Rap isn’t my favorite genre of music, but yesterday I discovered the Moroccan rapper Bigg, also known as “Al Khasser” (“Rude Boy”) for his blunt lyrical style. His first album “Mgharba ‘Tal Moute” (“Moroccans Until Death”) was released last year, and won an award as the best Moroccan rap album of 2006. He sings in pure derija (Moroccan dialect or slang) in order to reach a popular audience, tell things as they are, and preserve a valuable cultural heritage. Even for those like me who don’t understand what he’s saying, I think Bigg’s artistry shines through, and his motivation couldn’t be clearer as this interview shows.

    Who do you sing for?
    My public is made up primarily of young people aged 12 to 25. I also sing for those who won’t accept that we continue to subject their ears to love songs and songs of good times…. I use the language of young people so I can speak truly. In that way, I express the roots of my thought and theirs. On stage I shout out loud what Moroccans think secretly.
    What do you say to those young people through your songs?
    Above all, I tell them not to be afraid of anything or anyone: “Baraka men al khouf!” [“Enough fear!”] I ask them to be citizens who fulfill their obligations and who dare to demand their rights. Real Moroccans who want to change their country, not those who want to leave at the first possible moment. In singing, I ask young people to interest themselves in what’s happening around them, to tell the political Pinocchios to fuck off, not to obscure our past in order to better construct our future…and I shout out their rejection of anyone who uses his beard for demagogic purposes and who takes us for idiots.
    But because of your words which are considered too daring, some of your young fans are forced to hide themselves in order to receive your messages.
    What I find reassuring is that those who are hiding themselves today to listen to my songs, won’t force their children to hide themselves tomorrow to hear the same thing. I insist on the fact that I’m 100% for total respect within the family. But that musn’t prevent us from calling things by their real names in our derija which permits us to go straight to the point.

To explain the message of Bigg’s song “Al Khouf” which won him an award for best rap single of 2006, here is an appreciation by fan writer “tupacgirl.”

    Moroccans, no matter what their sex, age or social status, have all (or almost all) received an education based on fear, “Al Khouf.” Beginning with everyday examples like the fear that a child can feel for his father, or a student for his teacher—and ending with the blow to the face that demonstrates in a real way the servility of the Moroccan citizen, and his huge fear of anyone who holds a certain power, his fear of the policeman, the public official, the rich man—even though quite often he’s in the right.
    The worst is that we’re constantly complaining because our rights are trampled, our liberty restricted and our lives surveilled, but what do we do to change this?
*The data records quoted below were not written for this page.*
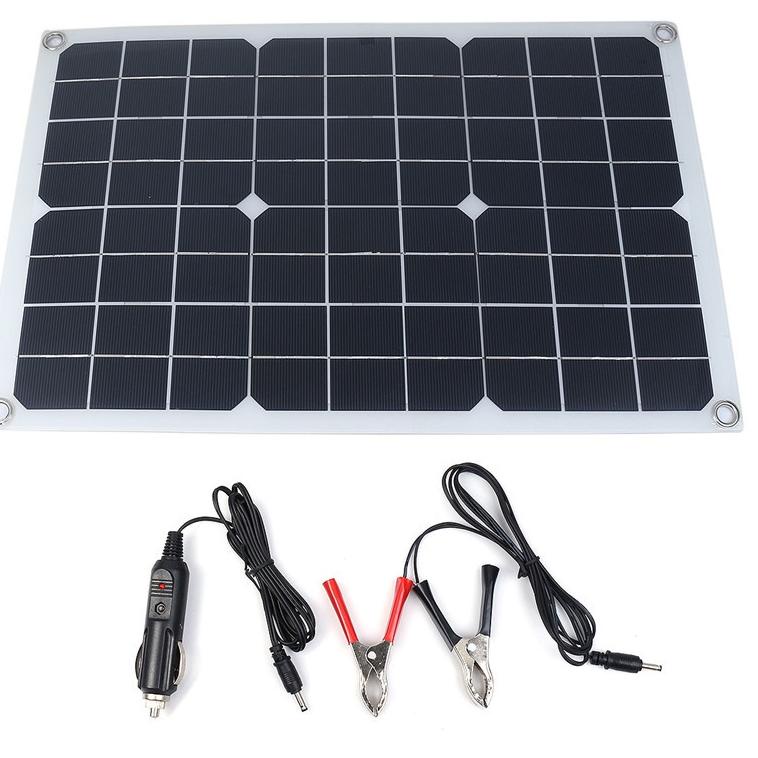 Jual [KODE 95] 60W/100W SOLAR PANEL PANEL SURYA PEMBANGKIT LISTRIK ...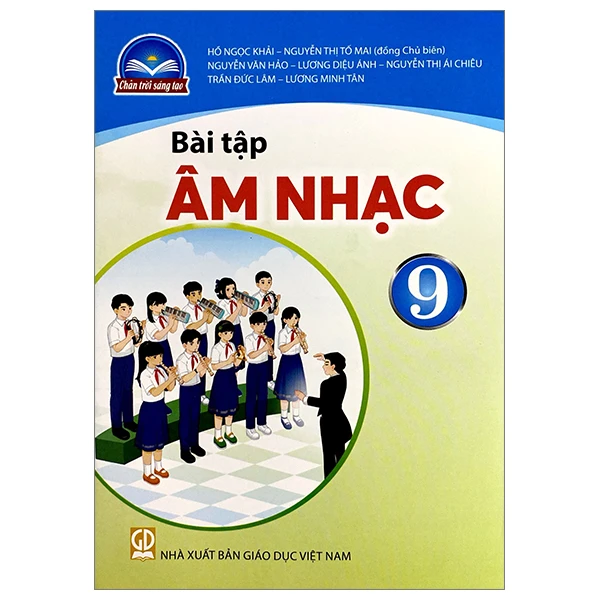 Bộ Vở Bài Tập Lớp 9 - Chân trời sáng tạo (11 Cuốn) 0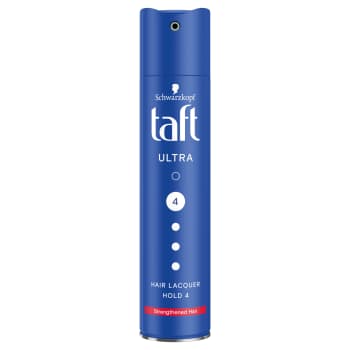 Matu laka TAFT ļoti stipras fiksāc.250ml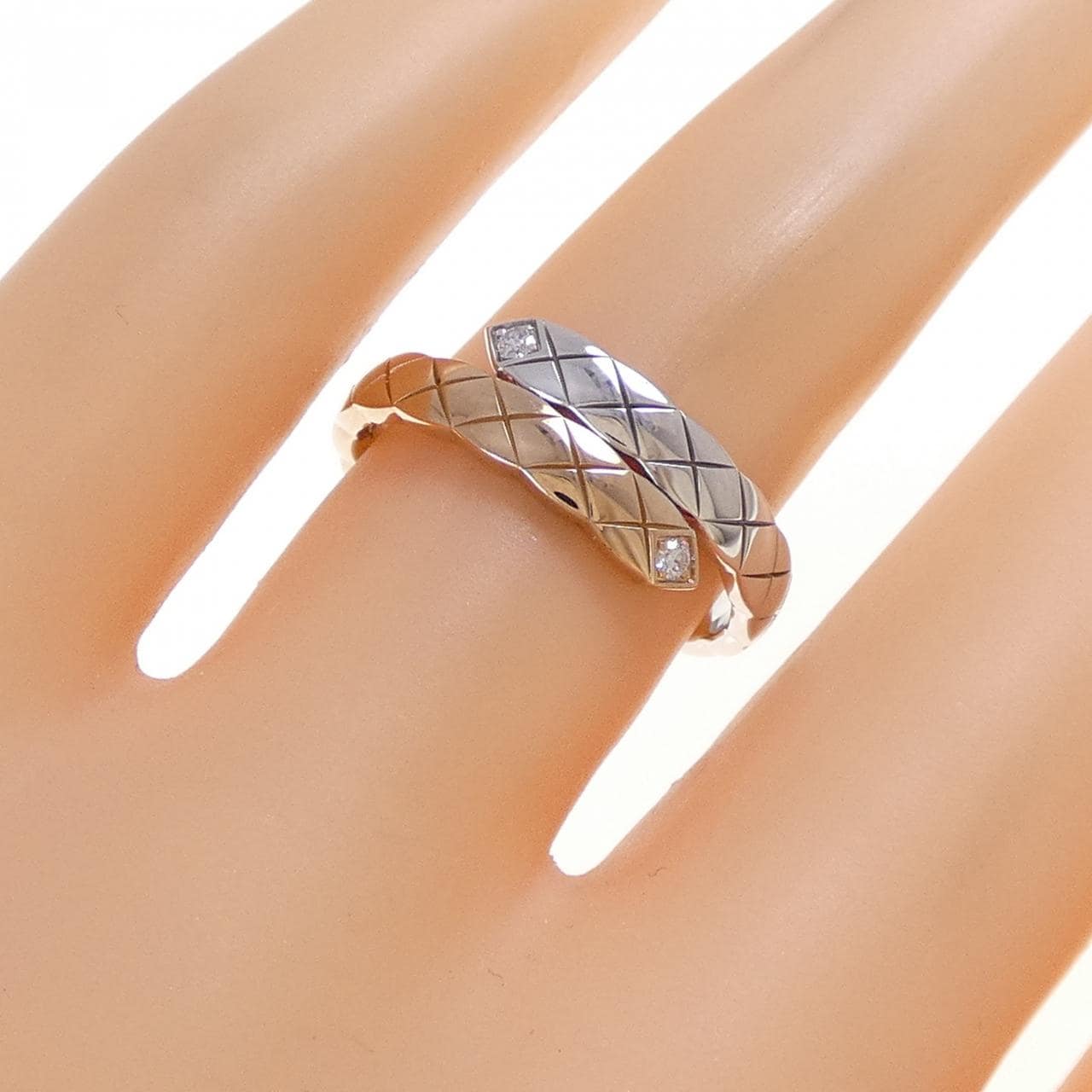 シャネル ココ クラッシュ リング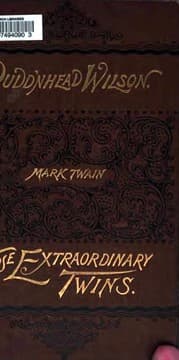 Those Extraordinary Twins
Quite the opposite of what should be done, instead of insisting on our rights we help those who trample them. Things never change on their own, and if we wait for those in power to give us our rights without making them our own, we’re sticking a thumb in our own eye.
    In “Al Khouf” Bigg wants to give an example to show that we can indeed love our country, without in any way allowing this pointless fear to live in our stomachs. Why fear the policeman when he’s supposed to be there for our security, why fear the municipal bureaucrat when his job is to serve us—Bigg cites many other representative examples. He also calls on young people to wake up and change their conduct a little, by putting respect in the place of fear, because it isn’t a question of breaking the law or becoming rebels, but simply of knowing our rights, understanding how to insist on them, and avoiding boot-licking which won’t get us anywhere!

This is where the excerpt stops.